Con riguardo al primo quesito, il meccanismo del risarcimento – precisa la Corte – non può essere automatico e non può scaturire da una semplice violazione.

L’art. 82, par. 1, del GDPR recita: “Chiunque subisca un danno materiale o immateriale causato da una violazione del presente regolamento ha il diritto di ottenere dal titolare o dal responsabile”.

Risulta chiaramente dalla lettera della disposizione che uno dei presupposti per attivare la richiesta di risarcimento è l’esistenza e la prova del “danno subito” conseguente a una violazione del GDPR.

Ma non basta.

Occorre altresì dimostrare il nesso causale tra il danno e la violazione. In sostanza, ai fini della risarcibilità del danno servono tre condizioni:

un trattamento illecito che violi il regolamento;

la prova del danno subito dall’interessato;

il nesso di causalità tra la violazione e il danno.
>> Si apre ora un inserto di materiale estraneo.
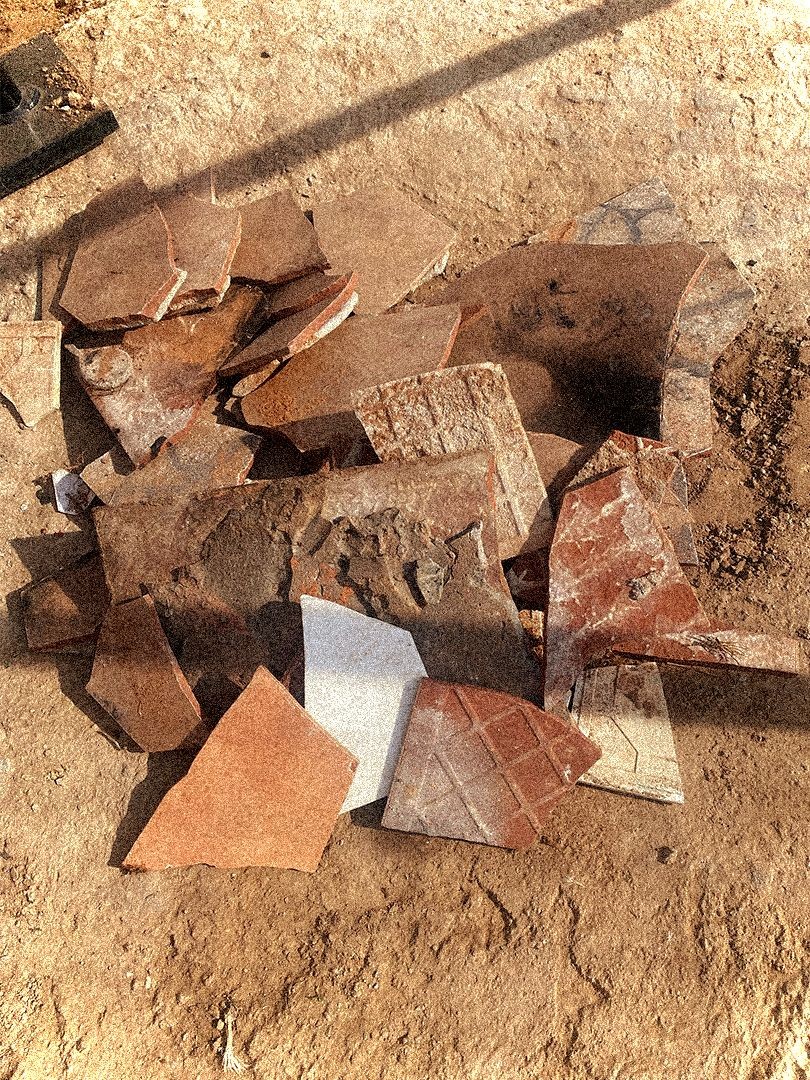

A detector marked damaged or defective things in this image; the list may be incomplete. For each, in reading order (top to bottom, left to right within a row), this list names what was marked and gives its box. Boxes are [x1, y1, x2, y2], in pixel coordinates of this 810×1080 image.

broken ceramic tile [0, 318, 60, 424]
broken ceramic tile [60, 201, 186, 330]
broken ceramic tile [69, 284, 266, 462]
broken ceramic tile [159, 194, 241, 314]
broken ceramic tile [227, 190, 328, 284]
broken ceramic tile [221, 270, 360, 384]
broken ceramic tile [266, 268, 354, 320]
broken ceramic tile [237, 304, 458, 452]
broken ceramic tile [312, 189, 454, 314]
broken ceramic tile [426, 240, 704, 438]
broken ceramic tile [660, 247, 756, 454]
broken ceramic tile [51, 468, 94, 516]
broken ceramic tile [81, 422, 258, 506]
broken ceramic tile [354, 360, 548, 556]
broken ceramic tile [564, 428, 696, 568]
broken ceramic tile [20, 552, 109, 652]
broken ceramic tile [87, 596, 205, 756]
broken ceramic tile [121, 664, 356, 872]
broken ceramic tile [93, 452, 536, 696]
broken ceramic tile [302, 596, 430, 816]
broken ceramic tile [380, 680, 600, 848]
broken ceramic tile [568, 660, 680, 800]
broken ceramic tile [544, 468, 708, 712]
broken ceramic tile [608, 624, 804, 676] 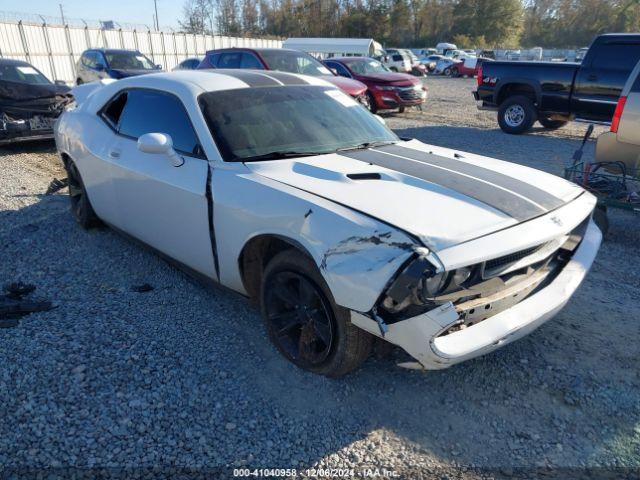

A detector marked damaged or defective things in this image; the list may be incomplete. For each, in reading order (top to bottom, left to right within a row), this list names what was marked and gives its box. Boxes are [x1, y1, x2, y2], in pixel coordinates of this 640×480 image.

cracked bumper [352, 219, 604, 370] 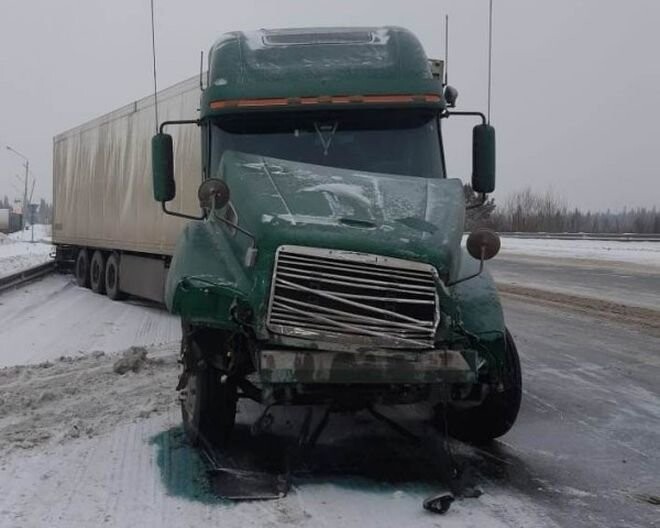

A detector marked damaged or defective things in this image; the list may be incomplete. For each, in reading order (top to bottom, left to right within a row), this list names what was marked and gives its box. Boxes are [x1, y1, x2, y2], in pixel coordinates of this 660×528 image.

dented bumper [260, 348, 480, 386]
damaged front bumper [260, 348, 480, 386] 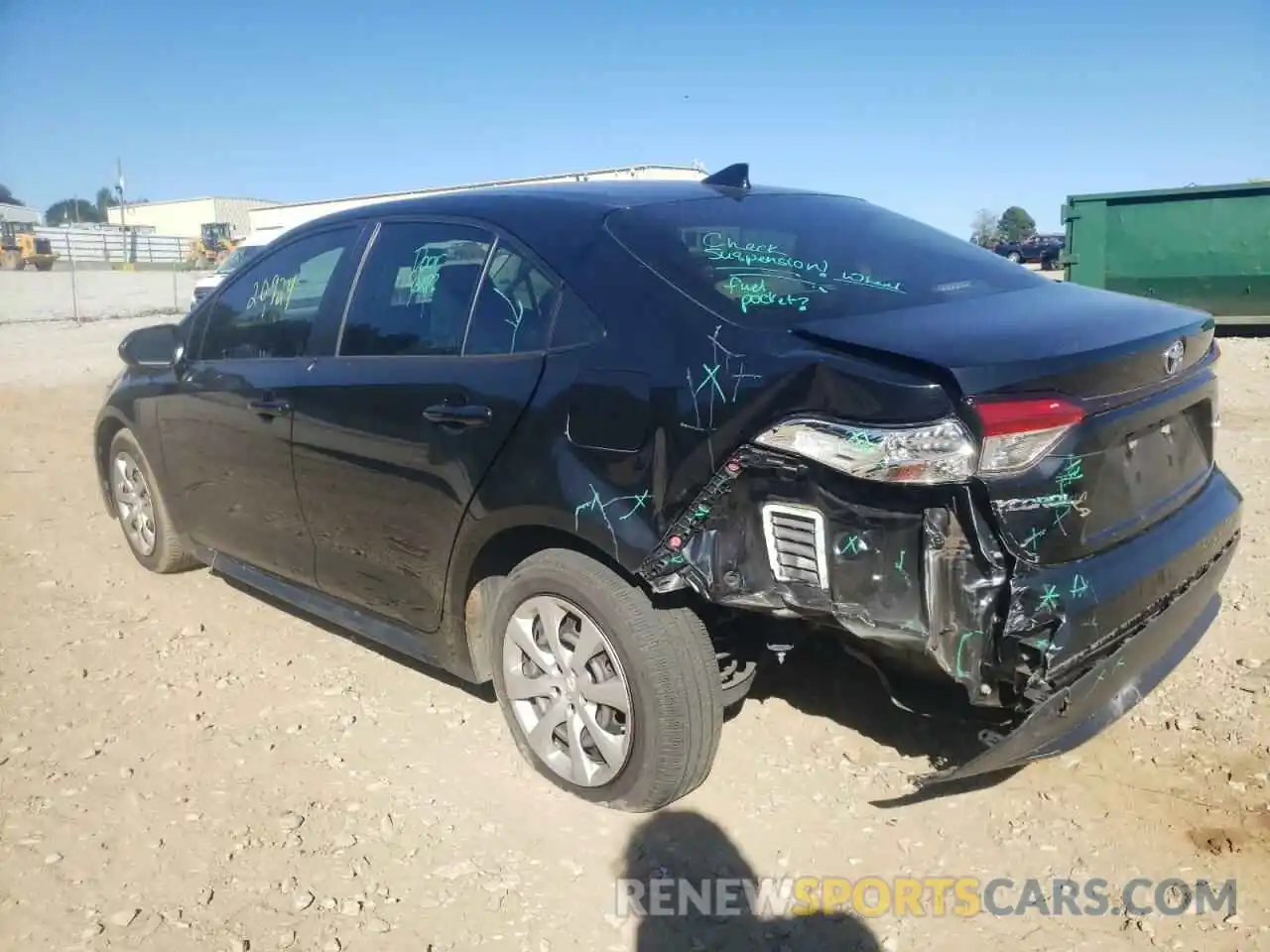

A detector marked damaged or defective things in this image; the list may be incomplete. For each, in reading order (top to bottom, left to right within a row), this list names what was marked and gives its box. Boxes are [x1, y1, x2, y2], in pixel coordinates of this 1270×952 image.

exposed wheel well [94, 416, 127, 510]
broken taillight lens [751, 418, 980, 484]
damaged rear of car [604, 183, 1239, 791]
broken taillight lens [969, 398, 1081, 479]
exposed wheel well [459, 523, 645, 685]
torn sheet metal [640, 446, 1005, 700]
detached rear bumper [914, 469, 1239, 791] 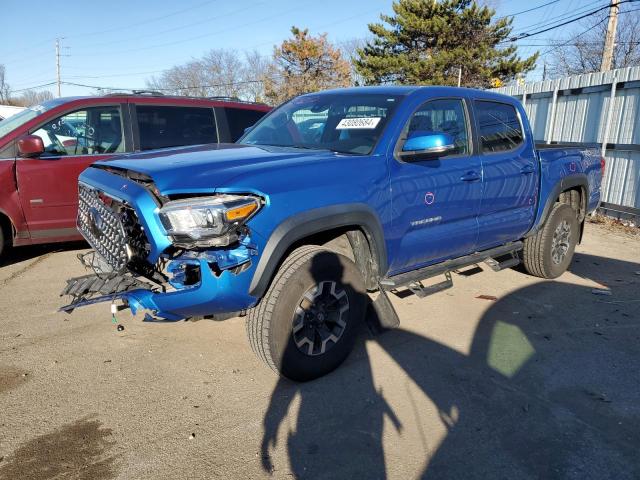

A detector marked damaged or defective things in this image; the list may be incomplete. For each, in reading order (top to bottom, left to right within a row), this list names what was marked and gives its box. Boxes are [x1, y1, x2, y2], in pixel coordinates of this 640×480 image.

crumpled hood [94, 143, 340, 194]
broken headlight assembly [159, 194, 262, 248] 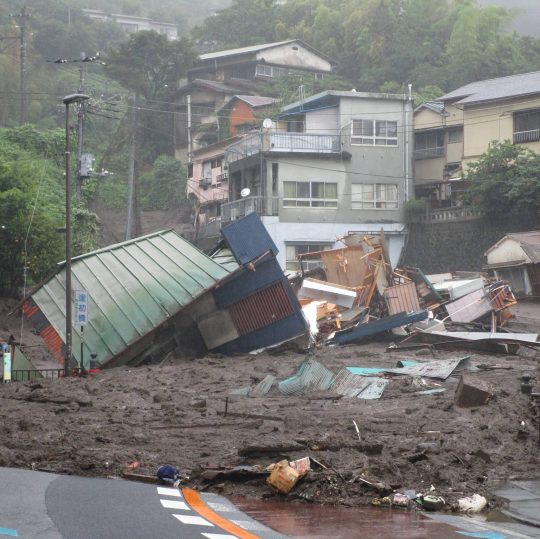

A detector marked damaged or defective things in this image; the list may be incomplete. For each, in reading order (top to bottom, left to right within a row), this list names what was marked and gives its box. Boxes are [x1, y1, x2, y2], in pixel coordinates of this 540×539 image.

Sempre rifacendosi alla interpretazione letterale dell’art. 82 del GDPR, la Corte risponde al secondo quesito affermando che il danno morale è sempre risarcibile a prescindere che abbia raggiunto a meno una certa soglia di gravità. La Corte dunque statuisce che deve essere riconosciuto il giusto ristoro anche ai danni morali che abbiano cagionato una micro lesione.

Tale tesi è corroborata dal considerando 146 del GDPR secondo il quale: “il concetto di danno dovrebbe essere interpretato in senso lato alla luce della giurisprudenza della Corte di Giustizia in modo tale da rispecchiare pienamente gli obiettivi del presente regolamento”. La nozione di danno riceve una definizione autonoma e uniforme propria del diritto dell’Unione Europea che è funzionale al raggiungimento degli obiettivi del GDPR, tra i quali vi è quello di garantire un livello elevato di protezione delle persone fisiche con riguardo al trattamento dei dati personali.

Di conseguenza, limitare la risarcibilità ai soli danni morali di lieve entità significherebbe svilire il concetto di danno e non riconoscere un’adeguata tutela ai diritti degli interessati.

Sul terzo quesito, la Corte di giustizia ammette che il GDPR non dà indicazioni precise sul calcolo dell’importo del risarcimento, che è rimesso alle norme interne di ciascun Stato membro. In altri termini, spetta all’ordinamento di ciascun Stato membro determinare la disciplina sul quantum del risarcimento a condizione però che siano rispettati i principi di equivalenza e di effettività del diritto dell’Unione.

La Corte sottolinea infine che l’importo deve garantire un ristoro pieno ed effettivo del danno.
 

Danni morali e privacy: conclusioni

La sentenza in commento, che sancisce il principio della risarcibilità del danno morale di lieve entità, produrrà i suoi effetti anche in Italia dove i giudici dovranno abbandonare il consolidato orientamento giurisprudenziale che subordina il risarcimento del danno non patrimoniale alla gravità della lesione e alla serietà del danno.

Ma vi è di più. Se, da un lato, la pronuncia della Corte va a rafforzare la protezione dei soggetti con riguardo al trattamento dei dati personali, dall’altro le imprese potrebbero essere esposte a filoni di cause o di class action promosse da una moltitudine di soggetti anche per importi non rilevanti con conseguente aggravio del carico di lavoro per la giustizia italiana.